Scraped caption text data

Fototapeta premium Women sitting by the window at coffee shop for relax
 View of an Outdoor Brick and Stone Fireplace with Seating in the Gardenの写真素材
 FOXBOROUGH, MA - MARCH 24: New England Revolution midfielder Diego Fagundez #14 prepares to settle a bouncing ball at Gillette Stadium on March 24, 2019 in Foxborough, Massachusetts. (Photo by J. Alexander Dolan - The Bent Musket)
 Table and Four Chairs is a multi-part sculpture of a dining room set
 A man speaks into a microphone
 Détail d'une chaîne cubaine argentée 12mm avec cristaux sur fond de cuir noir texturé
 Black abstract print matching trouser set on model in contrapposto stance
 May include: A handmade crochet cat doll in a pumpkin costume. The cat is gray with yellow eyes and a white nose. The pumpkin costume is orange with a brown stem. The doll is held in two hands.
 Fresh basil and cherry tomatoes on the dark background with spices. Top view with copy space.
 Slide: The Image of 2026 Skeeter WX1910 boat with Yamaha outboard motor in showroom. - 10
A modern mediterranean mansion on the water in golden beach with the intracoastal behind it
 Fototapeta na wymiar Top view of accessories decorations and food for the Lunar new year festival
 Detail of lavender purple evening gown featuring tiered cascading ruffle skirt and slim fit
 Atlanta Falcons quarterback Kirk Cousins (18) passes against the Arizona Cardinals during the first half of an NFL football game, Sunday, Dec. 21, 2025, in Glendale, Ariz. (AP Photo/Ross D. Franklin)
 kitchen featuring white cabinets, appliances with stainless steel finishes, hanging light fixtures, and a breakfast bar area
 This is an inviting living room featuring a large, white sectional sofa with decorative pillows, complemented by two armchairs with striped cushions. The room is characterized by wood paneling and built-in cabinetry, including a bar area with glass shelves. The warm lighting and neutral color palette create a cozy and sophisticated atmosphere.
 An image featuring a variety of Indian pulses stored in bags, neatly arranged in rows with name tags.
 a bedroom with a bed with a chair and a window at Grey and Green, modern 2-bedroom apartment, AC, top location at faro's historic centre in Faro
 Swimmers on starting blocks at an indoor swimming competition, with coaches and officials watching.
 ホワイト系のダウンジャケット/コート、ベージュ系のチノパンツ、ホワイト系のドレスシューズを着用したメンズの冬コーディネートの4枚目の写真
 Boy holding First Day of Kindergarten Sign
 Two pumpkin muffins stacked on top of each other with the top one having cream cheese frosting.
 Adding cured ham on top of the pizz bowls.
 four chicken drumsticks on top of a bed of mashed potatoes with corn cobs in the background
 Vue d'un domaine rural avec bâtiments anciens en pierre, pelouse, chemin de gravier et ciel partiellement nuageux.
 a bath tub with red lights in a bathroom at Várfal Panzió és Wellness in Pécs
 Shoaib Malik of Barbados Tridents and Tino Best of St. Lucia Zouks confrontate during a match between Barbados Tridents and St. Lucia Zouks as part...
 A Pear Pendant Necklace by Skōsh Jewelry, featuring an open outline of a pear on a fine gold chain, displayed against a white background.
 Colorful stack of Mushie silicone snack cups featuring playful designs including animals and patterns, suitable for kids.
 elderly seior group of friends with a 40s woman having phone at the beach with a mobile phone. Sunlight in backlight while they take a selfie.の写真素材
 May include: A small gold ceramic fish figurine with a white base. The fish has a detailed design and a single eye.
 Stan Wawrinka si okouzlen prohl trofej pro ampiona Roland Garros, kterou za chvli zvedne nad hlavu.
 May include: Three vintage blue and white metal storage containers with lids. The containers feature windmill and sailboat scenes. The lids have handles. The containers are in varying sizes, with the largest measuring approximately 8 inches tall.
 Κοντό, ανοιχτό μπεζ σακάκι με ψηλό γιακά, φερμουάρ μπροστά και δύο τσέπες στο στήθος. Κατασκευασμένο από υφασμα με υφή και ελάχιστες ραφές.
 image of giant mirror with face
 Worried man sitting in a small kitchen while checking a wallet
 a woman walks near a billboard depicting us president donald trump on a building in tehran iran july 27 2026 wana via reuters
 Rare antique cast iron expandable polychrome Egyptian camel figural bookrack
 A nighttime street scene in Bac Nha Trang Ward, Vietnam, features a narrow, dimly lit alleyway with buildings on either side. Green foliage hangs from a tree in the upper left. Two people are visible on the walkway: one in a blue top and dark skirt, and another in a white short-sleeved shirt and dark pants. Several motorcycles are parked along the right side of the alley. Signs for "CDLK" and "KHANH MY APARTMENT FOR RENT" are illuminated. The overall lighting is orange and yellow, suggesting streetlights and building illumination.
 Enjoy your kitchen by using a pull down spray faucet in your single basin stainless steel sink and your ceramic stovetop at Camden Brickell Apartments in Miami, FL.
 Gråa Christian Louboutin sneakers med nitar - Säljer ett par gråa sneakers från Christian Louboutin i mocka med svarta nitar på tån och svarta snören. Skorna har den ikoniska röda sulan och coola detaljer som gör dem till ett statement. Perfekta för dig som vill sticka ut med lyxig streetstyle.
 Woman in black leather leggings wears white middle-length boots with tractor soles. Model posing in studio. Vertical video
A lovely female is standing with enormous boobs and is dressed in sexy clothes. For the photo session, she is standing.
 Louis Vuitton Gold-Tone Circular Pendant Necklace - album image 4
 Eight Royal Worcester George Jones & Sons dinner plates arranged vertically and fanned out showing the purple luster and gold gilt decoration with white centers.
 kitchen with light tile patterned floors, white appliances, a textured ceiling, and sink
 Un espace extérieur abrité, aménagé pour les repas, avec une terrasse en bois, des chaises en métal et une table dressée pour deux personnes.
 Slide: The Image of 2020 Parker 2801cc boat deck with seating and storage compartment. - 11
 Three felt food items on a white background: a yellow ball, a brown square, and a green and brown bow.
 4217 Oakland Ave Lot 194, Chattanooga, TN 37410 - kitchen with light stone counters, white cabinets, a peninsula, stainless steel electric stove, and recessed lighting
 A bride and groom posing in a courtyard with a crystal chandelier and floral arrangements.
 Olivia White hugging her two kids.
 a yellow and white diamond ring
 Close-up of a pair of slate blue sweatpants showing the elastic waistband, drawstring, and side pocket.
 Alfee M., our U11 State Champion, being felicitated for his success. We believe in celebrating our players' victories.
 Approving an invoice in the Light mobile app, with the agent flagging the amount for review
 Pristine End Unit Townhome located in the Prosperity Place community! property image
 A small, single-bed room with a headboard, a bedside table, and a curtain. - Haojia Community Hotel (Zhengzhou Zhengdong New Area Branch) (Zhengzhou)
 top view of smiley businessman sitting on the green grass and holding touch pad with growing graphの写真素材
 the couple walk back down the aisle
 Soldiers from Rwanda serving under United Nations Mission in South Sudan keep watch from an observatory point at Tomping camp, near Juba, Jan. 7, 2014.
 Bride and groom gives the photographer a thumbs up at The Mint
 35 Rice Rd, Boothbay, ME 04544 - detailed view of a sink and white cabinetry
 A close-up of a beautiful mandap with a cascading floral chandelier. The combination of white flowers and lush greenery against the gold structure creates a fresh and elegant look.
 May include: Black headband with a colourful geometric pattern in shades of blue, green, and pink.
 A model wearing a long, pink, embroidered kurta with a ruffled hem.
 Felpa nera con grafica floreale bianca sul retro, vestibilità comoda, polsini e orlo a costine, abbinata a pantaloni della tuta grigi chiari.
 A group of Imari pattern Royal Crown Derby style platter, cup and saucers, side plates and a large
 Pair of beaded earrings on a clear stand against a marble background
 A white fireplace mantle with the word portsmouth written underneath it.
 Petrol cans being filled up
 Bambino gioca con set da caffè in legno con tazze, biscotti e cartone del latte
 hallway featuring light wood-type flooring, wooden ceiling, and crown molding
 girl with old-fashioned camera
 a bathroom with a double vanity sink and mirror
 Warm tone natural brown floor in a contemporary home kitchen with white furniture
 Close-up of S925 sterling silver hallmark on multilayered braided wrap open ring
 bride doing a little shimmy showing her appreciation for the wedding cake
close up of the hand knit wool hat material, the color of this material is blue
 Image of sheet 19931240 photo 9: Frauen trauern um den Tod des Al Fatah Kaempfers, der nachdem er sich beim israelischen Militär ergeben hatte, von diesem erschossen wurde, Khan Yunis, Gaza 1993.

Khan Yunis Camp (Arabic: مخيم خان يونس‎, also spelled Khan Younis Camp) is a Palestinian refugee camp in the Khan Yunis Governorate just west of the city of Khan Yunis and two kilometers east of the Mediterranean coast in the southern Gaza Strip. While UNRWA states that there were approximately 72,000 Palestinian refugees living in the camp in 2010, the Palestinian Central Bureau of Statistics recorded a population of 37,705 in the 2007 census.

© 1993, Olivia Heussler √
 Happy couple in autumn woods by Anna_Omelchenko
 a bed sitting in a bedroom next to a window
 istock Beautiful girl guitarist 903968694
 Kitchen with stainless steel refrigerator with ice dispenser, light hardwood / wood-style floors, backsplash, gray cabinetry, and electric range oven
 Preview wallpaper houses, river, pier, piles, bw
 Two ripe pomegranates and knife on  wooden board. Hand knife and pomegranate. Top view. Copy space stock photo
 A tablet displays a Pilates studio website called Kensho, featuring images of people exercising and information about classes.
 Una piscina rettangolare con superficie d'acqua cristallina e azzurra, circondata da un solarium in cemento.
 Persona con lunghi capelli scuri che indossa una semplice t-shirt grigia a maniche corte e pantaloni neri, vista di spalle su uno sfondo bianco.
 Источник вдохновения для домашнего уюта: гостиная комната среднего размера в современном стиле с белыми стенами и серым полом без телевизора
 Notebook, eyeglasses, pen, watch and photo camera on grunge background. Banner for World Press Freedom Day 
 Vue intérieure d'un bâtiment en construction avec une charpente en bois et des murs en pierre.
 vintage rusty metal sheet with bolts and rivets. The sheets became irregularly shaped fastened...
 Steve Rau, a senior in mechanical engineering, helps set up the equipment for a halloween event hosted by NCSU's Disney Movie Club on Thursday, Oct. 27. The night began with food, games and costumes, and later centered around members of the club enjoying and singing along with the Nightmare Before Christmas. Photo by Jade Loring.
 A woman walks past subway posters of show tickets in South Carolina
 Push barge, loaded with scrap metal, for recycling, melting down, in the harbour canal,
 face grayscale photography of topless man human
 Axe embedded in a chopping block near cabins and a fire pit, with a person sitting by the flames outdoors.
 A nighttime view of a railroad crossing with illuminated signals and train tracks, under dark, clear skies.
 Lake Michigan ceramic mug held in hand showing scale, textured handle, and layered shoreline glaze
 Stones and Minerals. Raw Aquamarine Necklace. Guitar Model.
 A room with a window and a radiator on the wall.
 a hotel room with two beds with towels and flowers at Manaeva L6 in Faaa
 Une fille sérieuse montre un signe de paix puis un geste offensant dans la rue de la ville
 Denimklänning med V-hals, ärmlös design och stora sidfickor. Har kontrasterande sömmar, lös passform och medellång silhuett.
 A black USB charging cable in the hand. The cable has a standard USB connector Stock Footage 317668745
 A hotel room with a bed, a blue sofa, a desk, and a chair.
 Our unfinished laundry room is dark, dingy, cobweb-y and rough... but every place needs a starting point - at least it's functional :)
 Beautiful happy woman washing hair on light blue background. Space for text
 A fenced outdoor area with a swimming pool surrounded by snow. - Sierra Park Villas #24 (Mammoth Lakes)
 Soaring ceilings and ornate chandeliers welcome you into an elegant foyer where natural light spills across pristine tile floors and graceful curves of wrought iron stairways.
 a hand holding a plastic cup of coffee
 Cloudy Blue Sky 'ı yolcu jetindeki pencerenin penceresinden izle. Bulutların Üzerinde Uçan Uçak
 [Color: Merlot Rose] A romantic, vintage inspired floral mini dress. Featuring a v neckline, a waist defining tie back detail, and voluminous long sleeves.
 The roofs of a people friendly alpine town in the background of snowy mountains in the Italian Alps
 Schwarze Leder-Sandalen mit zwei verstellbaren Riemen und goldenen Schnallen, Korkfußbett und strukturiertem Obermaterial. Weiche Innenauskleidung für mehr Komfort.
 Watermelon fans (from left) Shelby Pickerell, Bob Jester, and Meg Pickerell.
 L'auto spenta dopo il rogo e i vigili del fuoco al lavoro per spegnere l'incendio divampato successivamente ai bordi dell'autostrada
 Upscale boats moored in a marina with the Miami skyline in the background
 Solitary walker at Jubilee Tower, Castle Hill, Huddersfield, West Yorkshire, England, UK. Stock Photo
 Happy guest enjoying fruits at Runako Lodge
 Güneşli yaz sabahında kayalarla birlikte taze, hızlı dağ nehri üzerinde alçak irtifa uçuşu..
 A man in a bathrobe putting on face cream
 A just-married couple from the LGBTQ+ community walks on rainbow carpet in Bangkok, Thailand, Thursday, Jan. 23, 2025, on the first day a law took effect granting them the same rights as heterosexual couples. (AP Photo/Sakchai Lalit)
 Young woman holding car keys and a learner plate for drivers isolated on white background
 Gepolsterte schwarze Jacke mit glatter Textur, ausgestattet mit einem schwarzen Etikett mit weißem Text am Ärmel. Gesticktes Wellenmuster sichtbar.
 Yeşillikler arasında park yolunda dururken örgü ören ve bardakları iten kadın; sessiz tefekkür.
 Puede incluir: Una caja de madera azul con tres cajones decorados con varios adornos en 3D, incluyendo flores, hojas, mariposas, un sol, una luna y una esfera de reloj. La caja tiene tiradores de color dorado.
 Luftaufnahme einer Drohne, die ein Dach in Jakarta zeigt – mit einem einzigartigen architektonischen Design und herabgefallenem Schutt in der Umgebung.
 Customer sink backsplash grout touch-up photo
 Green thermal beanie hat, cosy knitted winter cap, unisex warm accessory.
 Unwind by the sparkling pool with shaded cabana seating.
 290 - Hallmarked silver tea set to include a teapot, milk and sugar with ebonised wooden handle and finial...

**EXERCISE AIM**
After locating the line with "Louis Vuitton Gold-Tone" above, return that line and every later line through the one with "Slide: The Image of 2020", word for word and with nothing else.

**ANSWER FOR THE TASK**
 Louis Vuitton Gold-Tone Circular Pendant Necklace - album image 4
 Eight Royal Worcester George Jones & Sons dinner plates arranged vertically and fanned out showing the purple luster and gold gilt decoration with white centers.
 kitchen with light tile patterned floors, white appliances, a textured ceiling, and sink
 Un espace extérieur abrité, aménagé pour les repas, avec une terrasse en bois, des chaises en métal et une table dressée pour deux personnes.
 Slide: The Image of 2020 Parker 2801cc boat deck with seating and storage compartment. - 11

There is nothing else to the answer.